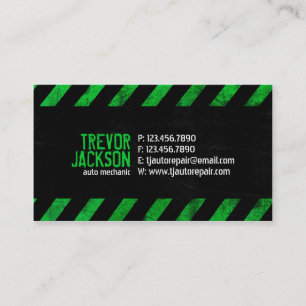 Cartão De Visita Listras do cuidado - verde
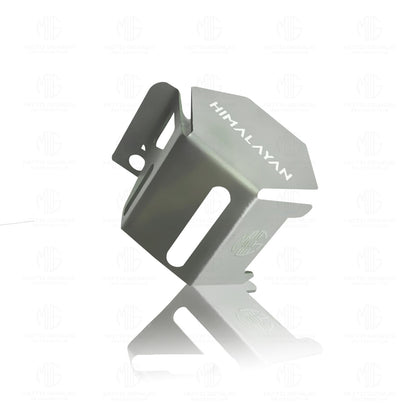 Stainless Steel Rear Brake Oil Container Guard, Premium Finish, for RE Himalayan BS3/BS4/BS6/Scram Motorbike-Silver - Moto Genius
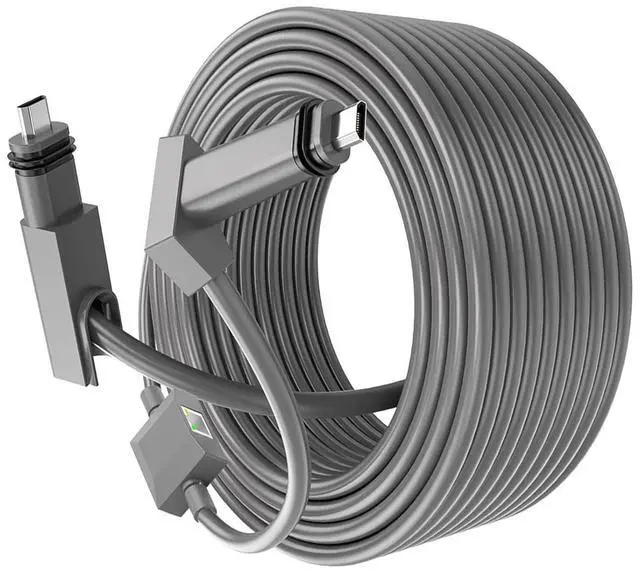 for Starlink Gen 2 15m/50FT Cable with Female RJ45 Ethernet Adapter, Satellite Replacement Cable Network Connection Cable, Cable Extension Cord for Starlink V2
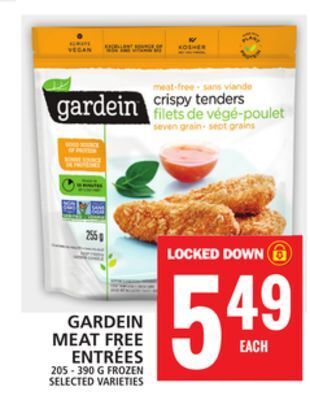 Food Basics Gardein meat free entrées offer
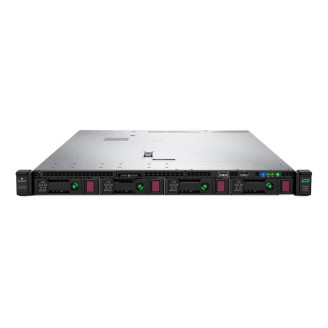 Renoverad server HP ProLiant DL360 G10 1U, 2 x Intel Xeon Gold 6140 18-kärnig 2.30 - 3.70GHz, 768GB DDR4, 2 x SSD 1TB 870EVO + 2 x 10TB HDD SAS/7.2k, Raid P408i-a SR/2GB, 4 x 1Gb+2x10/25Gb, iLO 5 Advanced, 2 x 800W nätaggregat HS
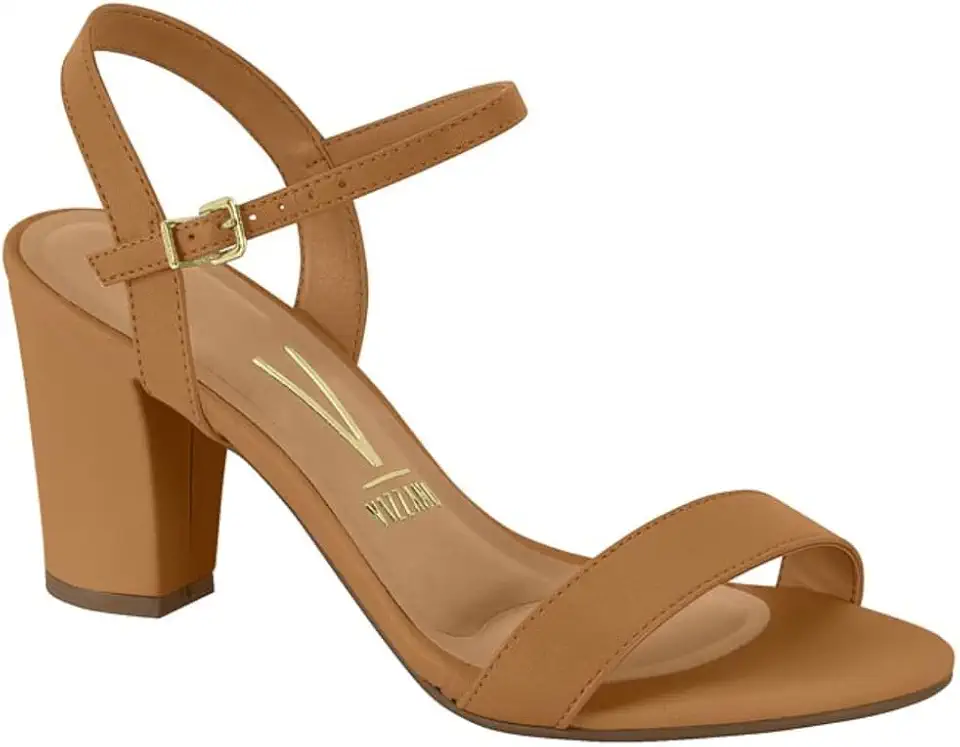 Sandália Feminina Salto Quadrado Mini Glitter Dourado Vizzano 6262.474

========

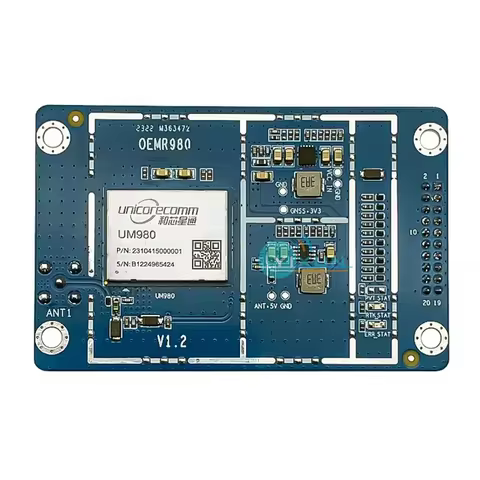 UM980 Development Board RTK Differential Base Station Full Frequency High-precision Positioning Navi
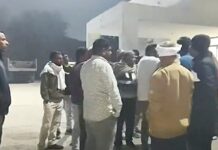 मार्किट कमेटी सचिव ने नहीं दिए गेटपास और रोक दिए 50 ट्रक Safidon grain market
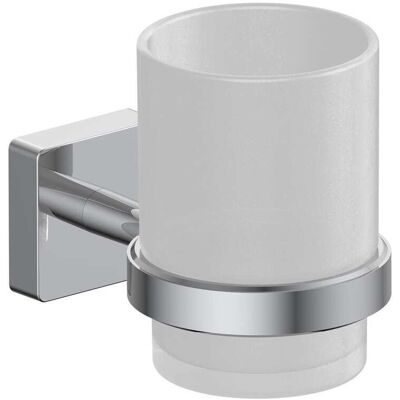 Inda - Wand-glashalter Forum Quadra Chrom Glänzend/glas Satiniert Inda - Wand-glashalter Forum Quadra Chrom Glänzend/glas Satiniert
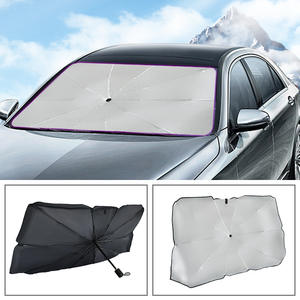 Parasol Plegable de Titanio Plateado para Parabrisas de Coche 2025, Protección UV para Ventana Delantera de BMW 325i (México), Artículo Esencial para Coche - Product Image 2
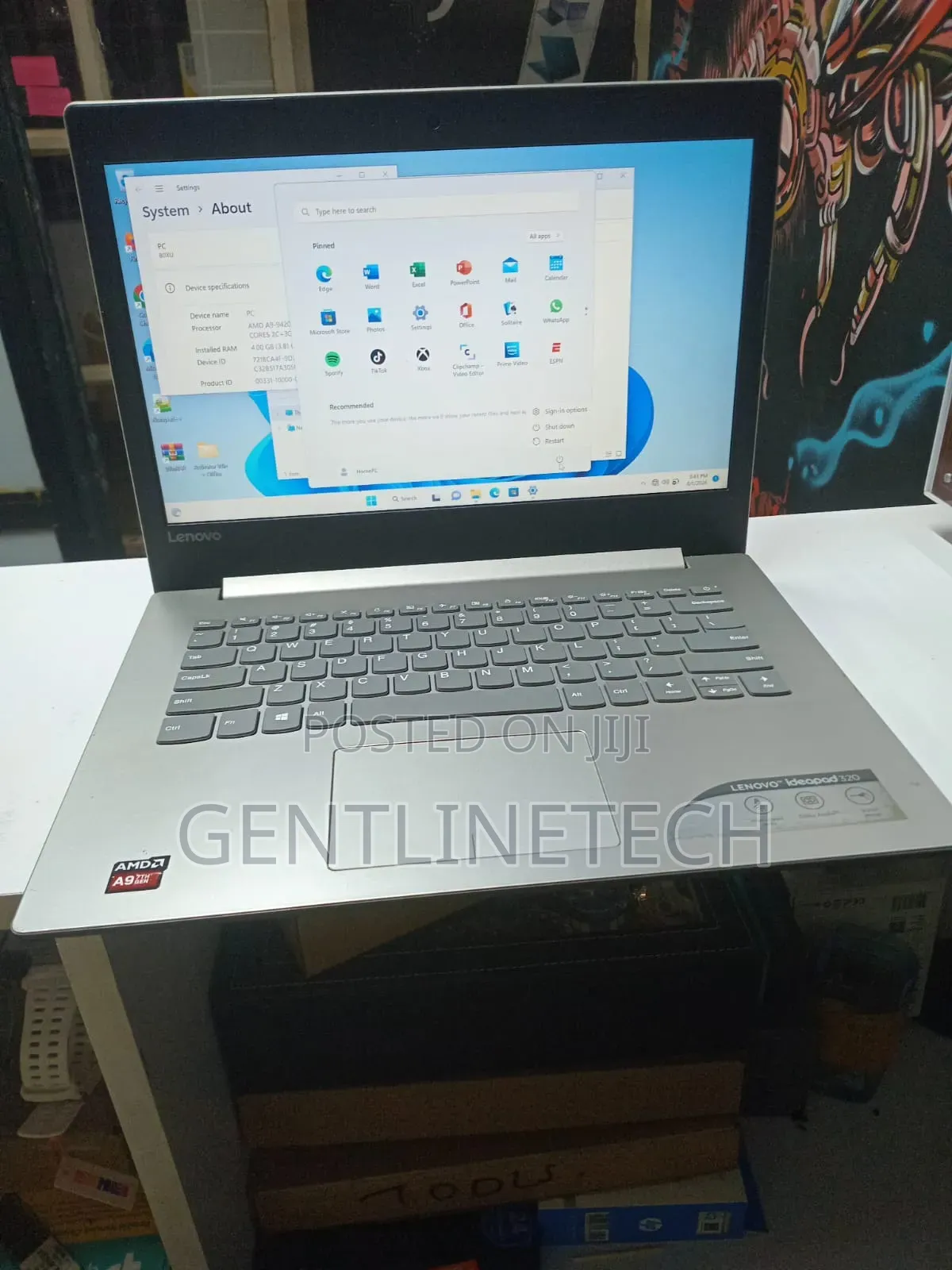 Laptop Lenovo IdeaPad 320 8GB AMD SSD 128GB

========

Each line above that falls between the line with "Cartão De Visita Listras do cuidado - verde" and the line with "Sandália Feminina Salto" should be printed exactly, together with those two lines, but the pictures should not.

### [Your solution]
 Cartão De Visita Listras do cuidado - verde
 Stainless Steel Rear Brake Oil Container Guard, Premium Finish, for RE Himalayan BS3/BS4/BS6/Scram Motorbike-Silver - Moto Genius
 for Starlink Gen 2 15m/50FT Cable with Female RJ45 Ethernet Adapter, Satellite Replacement Cable Network Connection Cable, Cable Extension Cord for Starlink V2
 Food Basics Gardein meat free entrées offer
 Renoverad server HP ProLiant DL360 G10 1U, 2 x Intel Xeon Gold 6140 18-kärnig 2.30 - 3.70GHz, 768GB DDR4, 2 x SSD 1TB 870EVO + 2 x 10TB HDD SAS/7.2k, Raid P408i-a SR/2GB, 4 x 1Gb+2x10/25Gb, iLO 5 Advanced, 2 x 800W nätaggregat HS
 Sandália Feminina Salto Quadrado Mini Glitter Dourado Vizzano 6262.474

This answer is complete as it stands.